What to work on: Return nothing but the lines from the one with "Image 1 of Canapé" through the one with "A collection of" in the data below, word for word and without pictures.

Material for this exercise:
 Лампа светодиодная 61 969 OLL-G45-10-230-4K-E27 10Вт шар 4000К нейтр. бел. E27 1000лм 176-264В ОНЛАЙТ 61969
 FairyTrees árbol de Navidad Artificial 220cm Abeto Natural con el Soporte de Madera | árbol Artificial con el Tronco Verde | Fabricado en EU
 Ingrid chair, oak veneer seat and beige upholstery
--
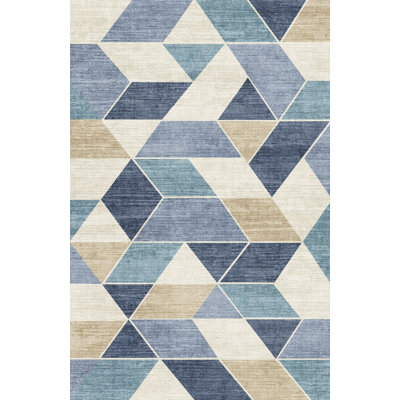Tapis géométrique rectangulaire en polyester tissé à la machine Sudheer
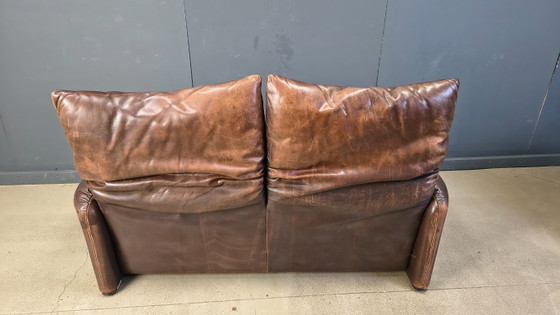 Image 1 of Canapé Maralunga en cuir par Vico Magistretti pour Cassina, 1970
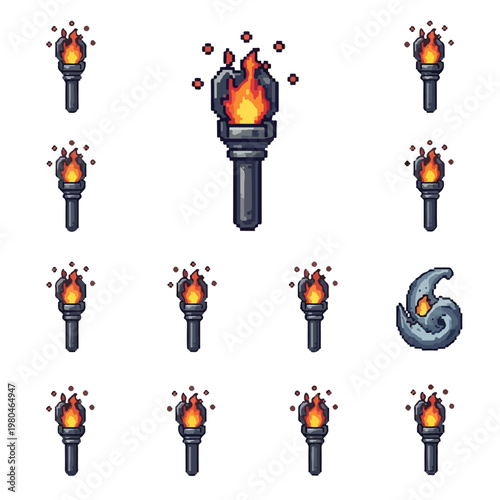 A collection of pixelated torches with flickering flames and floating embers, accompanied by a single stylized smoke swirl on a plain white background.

Solution for this problem:
 Image 1 of Canapé Maralunga en cuir par Vico Magistretti pour Cassina, 1970
 A collection of pixelated torches with flickering flames and floating embers, accompanied by a single stylized smoke swirl on a plain white background.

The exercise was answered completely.